The Late, Late Show: Plants with Great Fall Color | Hursthouse

The Late, Late Show: Plants with Great Fall Color

The Late, Late Show: Plants with Great Fall Color

Spring and summer flowers provide colorful combinations, but once fall arrives there’s fabulous foliage to enjoy. Bright, sunny days and cool nights produce some of the most brilliant reds, oranges and purples. Many gardens are in their fall glory right now. They can offer something we seldom find in spring: a wealth of interesting berries and ornamental seed heads. Some offer sensational scents. Katsura tree, for example, is coveted for its yellow fall color, but that’s not its only glory. The leaves have a distinctive cotton-candy fragrance in autumn.

Viburnums are medium-sized to tall shrubs that offer multi-season interest, an important factor when choosing any plant. In late spring and early summer, they’re covered with blooms that are followed by beautiful berries. Some varieties have honey-scented snowball-like flowers. When fall arrives, their leaves put on a show with shades of green, red or yellow. Choosing plants that perform for more than one season is key to getting the most out of the garden.

At this time of year, the plants in many landscapes are magnets for migrating birds as well. Trees and shrubs that provide energy-rich fruits, such as dogwoods, spicebush and sassafras, attract an assortment of song birds.

When we select vines, shrubs, trees and grasses for their late-season appeal they help extend the garden’s good looks and give one last hurrah before winter sets in. As baseball catcher Yogi Berra once said, “It ain’t over till it’s over.” Here are a few unusual and underused plants for the garden.

Black Tupelo (Nyssa sylvatica)

This is one of those trees that has the most spectacular glossy orange-to-red fall color. Another common name for black tupelo is “sour gum.” The tree, which is slow-growing, can reach 30-40’ tall and 25-35’ wide. Planted in full sun, black tupelo can be used as a shade tree, a street tree and as a focal point in a rain garden. It produces small fruits that mature to a dark blue and are attractive to birds and wildlife. It’s a tree that you don’t often see, but makes a great addition to the home garden.
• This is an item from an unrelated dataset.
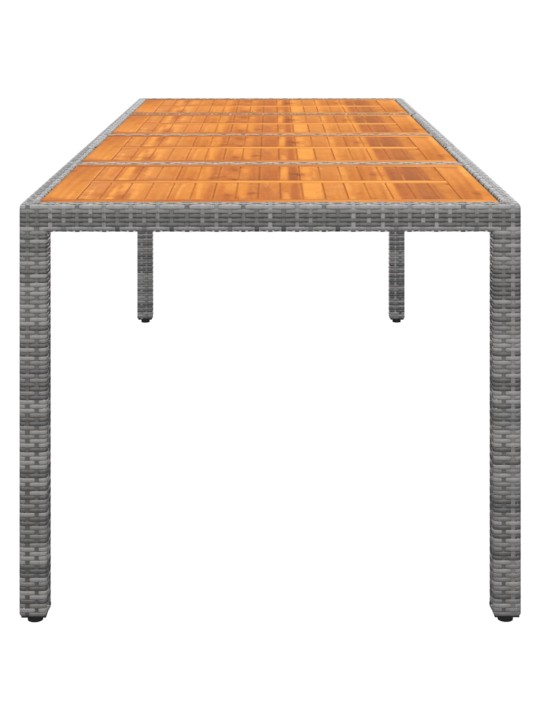 Sodo stalas, pilkas, 250x100x75cm, poliratanas ir akacija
Redbud (Cercis canadensis)

By October, the heart-shaped leaves on redbud turn beautiful shades of yellow and chartreuse. In nature, redbuds grow at the edge of the woods under taller shade trees. Their bright pink flowers light up the garden in spring and are usually abuzz with many small native bees and other pollinators. This small tree, which grows about 15’ tall and 10’ wide, is a good choice for shrub borders and when it’s used in groupings.
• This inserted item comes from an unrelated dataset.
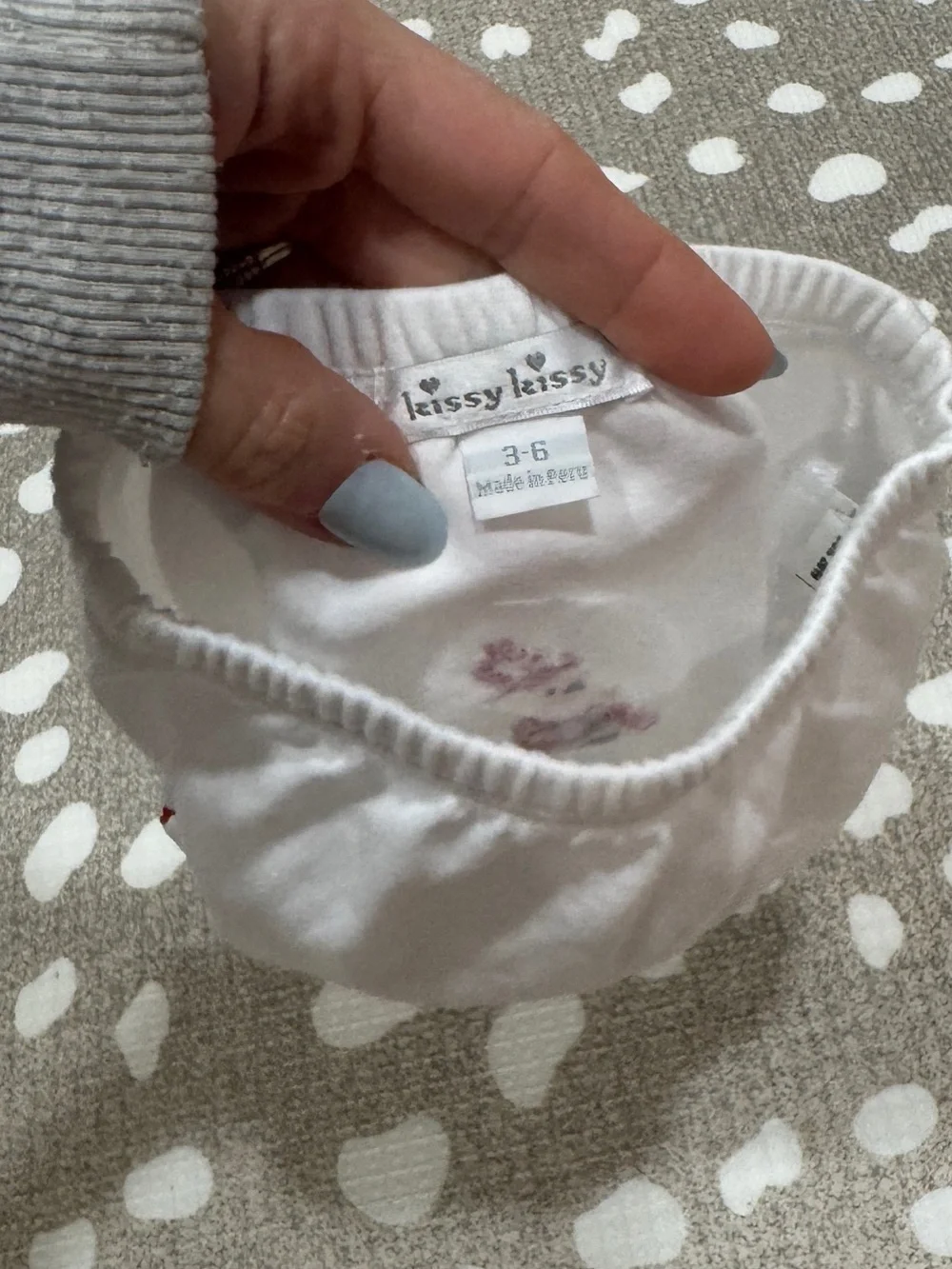 Kissy Kissy embroidered bloomers diaper cover Christmas santa pima cotton ruffle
Beautyberry (Callicarpa dichotoma)

This shrub is named for its showy summer-to-fall display. In July, it’s heavily sprinkled with small pinkish-lavender flowers. By fall, a profusion of lilac-violet berries cover the stems that arch down to the ground like a waterfall. The chartreuse-yellow leaves make a great contrast with the berries, too. It’s one of the best ornamental fruiting shrubs around and is quite eye catching especially in autumn.
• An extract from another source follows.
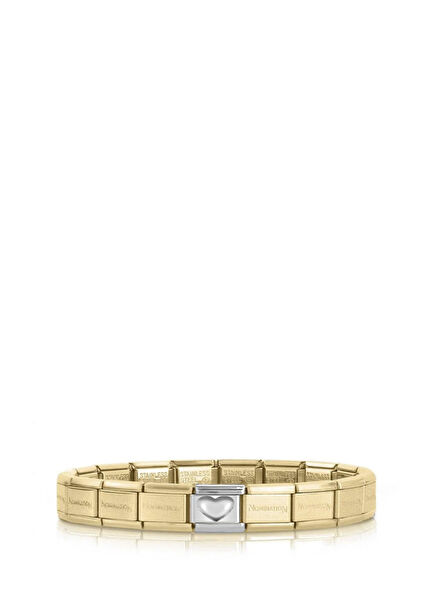 Mat Altın Sarı Kabartma Kalp Klasik Dekoratif Linkli Unisex Çelik Bileklik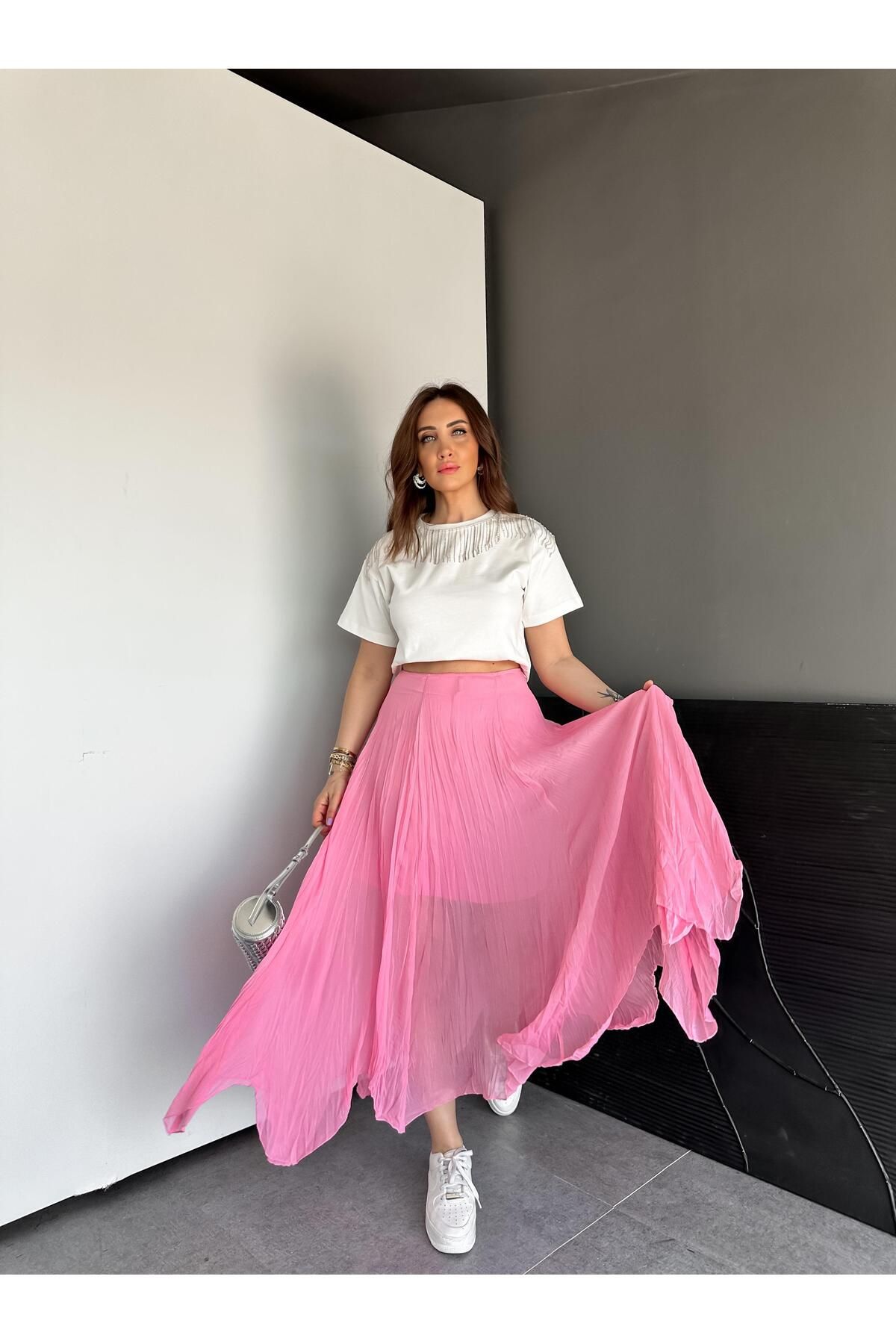 Zerrincan Giyim Pembe Kraşlı Asimetrik Etek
Big Bluestem Grass (Andropogon gerardii)

This tall grass once covered prairies across the Midwest. Its common name, “turkey foot,” is a nod to the 3-parted, fingerlike flower clusters. This grass comes into its own in late summer and fall with blue-green leaves that are tinged with red. After a frost, the leaves become a reddish-bronze with lavender tones, while the seed heads turn a hazy purple. This is an ornamental native grass that can be used in perennial borders or massed in a prairie-like garden along with coneflowers and other pollinator-friendly flowers.

Mountain Hydrangea (Hydrangea serrata)

Hydrangeas are the darlings of designers because of their fabulous flowers, which look good in summer and often last into winter. This particular hydrangea has burgundy-infused leaves. They create an effective backdrop for flowers that start out ivory, age to pink, and become red to maroon through late summer into fall. They’re cool plants that tend to be smaller than some of the giant panicle hydrangeas used in many home landscapes.